Um sino ao longe bate quatro pancadas. O calendário marca 16 de agosto de 1900. O século XIX também tinha terminado. (Moog (1943), p. 349)

 

É o centenário dessa morte prematura (Eça morreu aos cin­qüenta e cinco anos) que aqui se comemora, celebrando um dos maiores prosadores da língua portuguesa de todos os tempos, cria­dor de um estilo que o individualiza de maneira inconfundível, de uma obra que, accessível à primeira abordagem, oculta em suas do­bras múltiplos significados, permitindo leituras sucessivas em que há sempre uma nova descoberta.

Ao fascínio de sua pena submeteram-se os que lhe descobri­ram as primeiras produções. Gerações de outros leitores se vêm su­cedendo. Se considerarmos que a primeira é a do próprio autor (c. 1840 - c. 1895), a segunda será a dos que nasceram por volta de 1880 e morreram por volta de 1960, a terceira, a dos que, nascidos neste nosso século XX, a expirar, andam pela casa dos oitenta. De dois leitores especiais - um, da segunda, outro da terceira - ve­nho dar-lhes o testemunho, em ordem inversa. Para tal, permito-me uma pequena digressão.

Em agosto de 1999, a conferência de abertura do 6 o Congres­so da Associação Internacional de Lusitanistas, foi feita pelo profes­sor e ensaísta Antonio Candido de Mello e Souza - ou, mais sim­plesmente Antonio Candido -, um exemplo de verdadeiro cidadão pela sua postura intelectual e política, pelo seu relevante papel de mestre de mestres. Aos nossos ouvidos, e aos da posteridade, soará apenas este seu duplo prenome: Antonio Candido.

Pois é por este eminente colega que inicio a minha fala. E por quê? Porque, há pouco menos de um ano, ao abrir o referido con­gresso, fez questão de dizer que não iria fazer uma conferência, mas dar um depoimento. Foi, na verdade, um depoimento de vida, um retrato da sua experiência de jovem - em casa, na escola e na uni­versidade - como discente e docente, como ensaísta notável, como cidadão exemplar. Falava sobretudo dos outros, mas dos relatos res­saltava o falante, a sua perspicaz leitura dos homens e das obras. Falava mansamente, no tom em que devem falar os bons contadores de estórias ou histórias; o silêncio na sala era absoluto; os presentes ouviam, encantados. Ao fim, o aplauso quente e longo.

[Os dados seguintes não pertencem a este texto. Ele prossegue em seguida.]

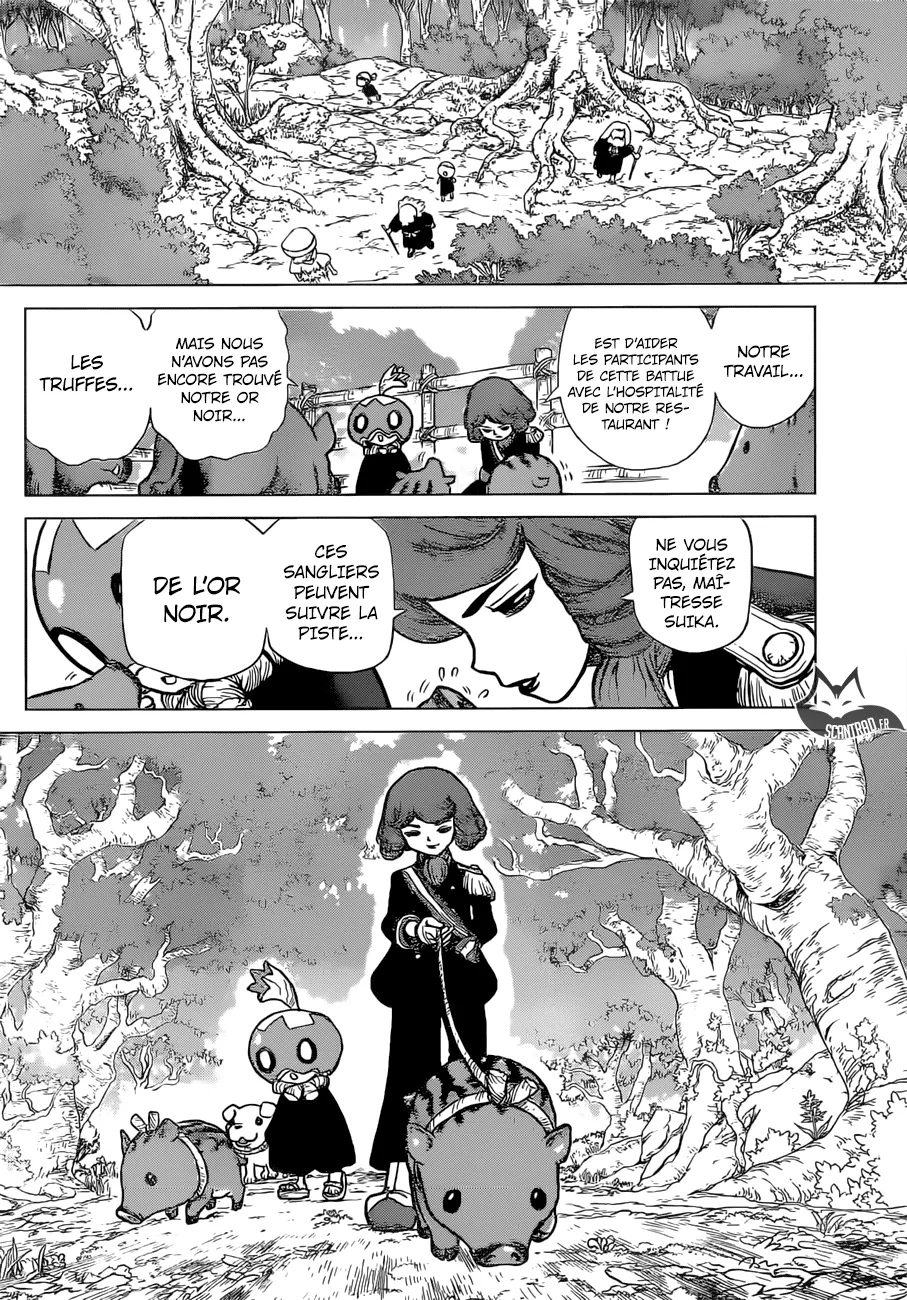 Read Dr. STONE FRANCAIS Manga Online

Para mim, sua contemporânea e colega na USP, muitas lem­branças eram comuns. Recuperei algumas já perdidas, avivei outras, ainda presentes. De todo o seu relato, porém, um "capítulo" me fi­cou mais vivo que todos: aquele em que o meu amigo falava do cul­to a Eça de Queirós, professado pelos da geração de seu pai e conti­nuado com paixão pela sua.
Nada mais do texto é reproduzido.